Customers can breathe easy, for now

The good news for customers is that they’ll most likely have lots of breathing room before they feel the real impact of this merger. Roger Cox, a research vice president at Gartner Inc., told TechTarget that while the two firms’ competing product lines will almost certainly be consolidated, the process will take time.

Cox cited the example of General Motors Co., which acquired Buick, Chevrolet, Oldsmobile and Pontiac and kept them all as competing brands for several years before trimming down to just Chevrolet and Buick. Cox reckons Dell and EMC will keep their competing storage products around for at least five years before consolidating.

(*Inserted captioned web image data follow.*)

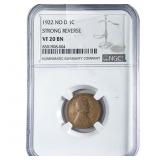 1922 No D Wheat Cent NGC VF20 BN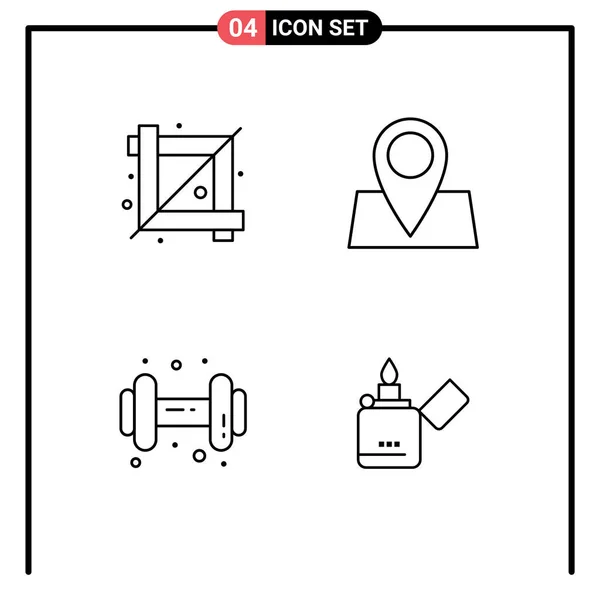 Stock Vector Icon Confezione Segni Simboli Linea Ritaglio Dum Grafica — Vettoriale Stock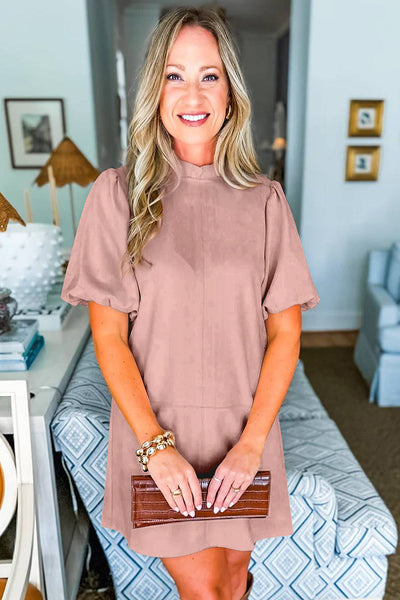 Women's Casual Sepia Rose Mini Dress with Frills, Short Puff Sleeves, and Round Neck Perfect for Any Occasion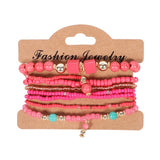 BANGLE Woman Boho Multilayer Beads Charm Bracelets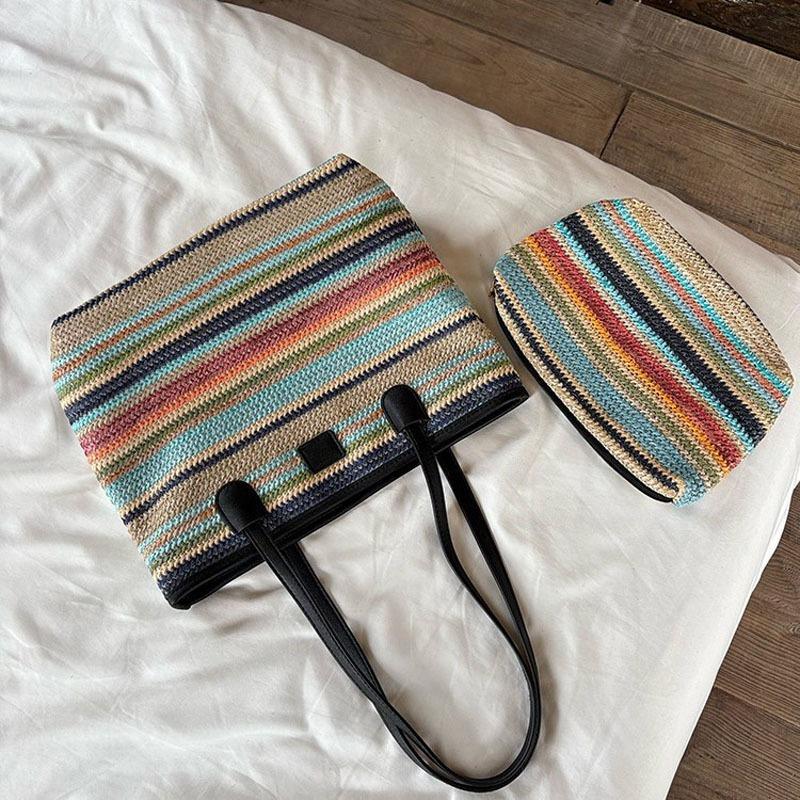 Contrasting Color Woven Bag Women's Summer New Trend Fashion Straw Woven Mobile Phone Bag Niche Simple Messenger Bag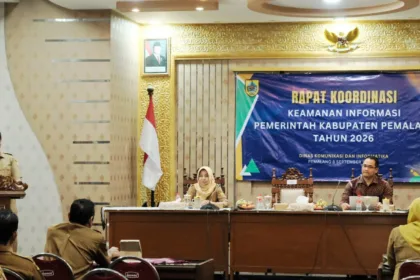 Pemkab Pemalang melalui Dinas Komunikasi dan Informatika (Diskominfo) menggelar Rapat Koordinasi Keamanan Informasi Tahun 2026 di Gedung Sasana Bhakti Praja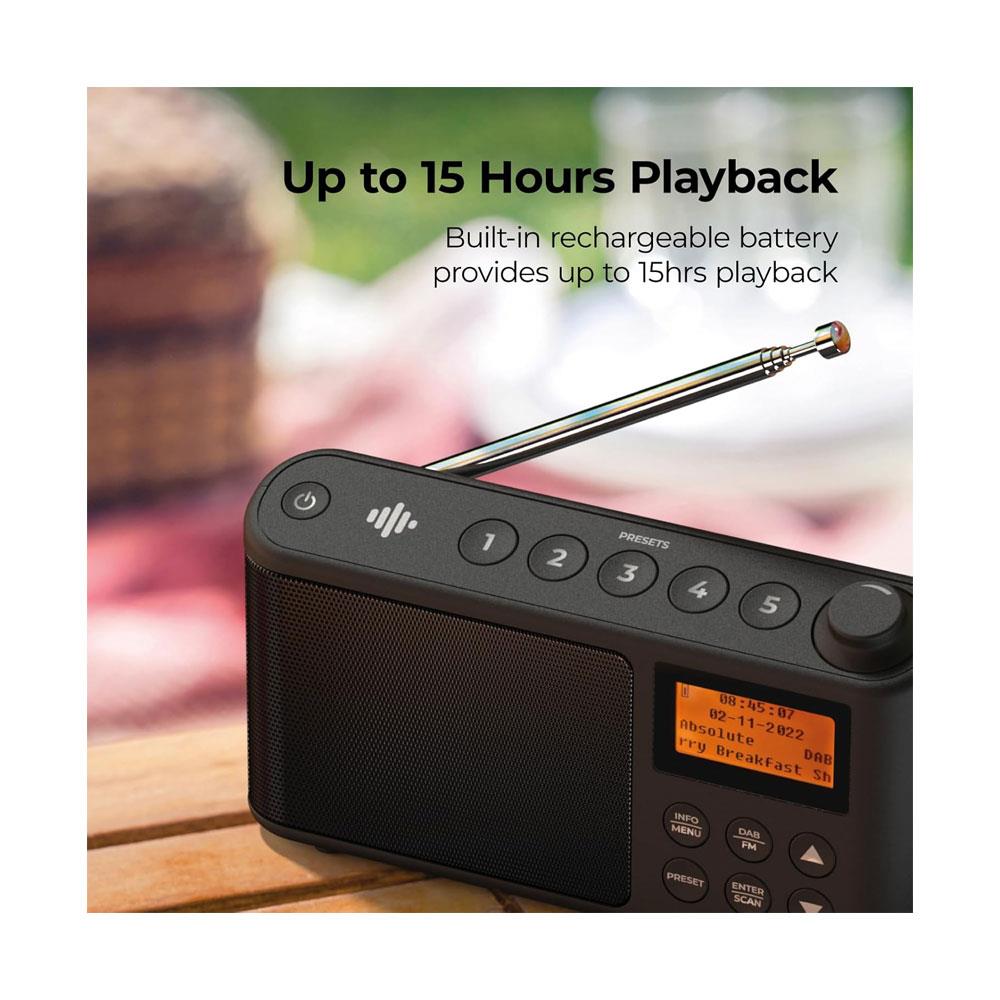 i-box Spectrum DAB/DAB+/FM Portable Radio Large LCD Display 3W Stereo Up To 15 hours - Black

“Users should continue down the path of buying whatever they think they’re going to buy, so long as they understand that the lifecycle of these products might be five years,” the analyst said. “As long as the new Dell/EMC keeps upgrading these competing platforms with the latest technology from Intel, the latest disk drives from Western Digital and Seagate and the latest flash technology from whoever, then why not?”

That may be so, but what with so much uncertainty around Dell’s longer-term strategy, customers are well advised to have contingency plans in place in case products are discontinued and innovate stalls, said Constellation Research’s Mueller. Those plans should include identifying alternative technology providers or, even better, creating a multi-vendor strategy as an insurance policy.

“Putting all of your eggs in one basket is risky, so enterprises should chart their IT strategy for the next three to five years, understand what investments are needed on premises and in the public cloud and talk to the top three providers of each offering,” Mueller said. “But it is tougher for SMBs, which often run in single-vendor environments. They still need to do the same, though – chart the strategy and then understand how much Dell Technologies and others are part of it.”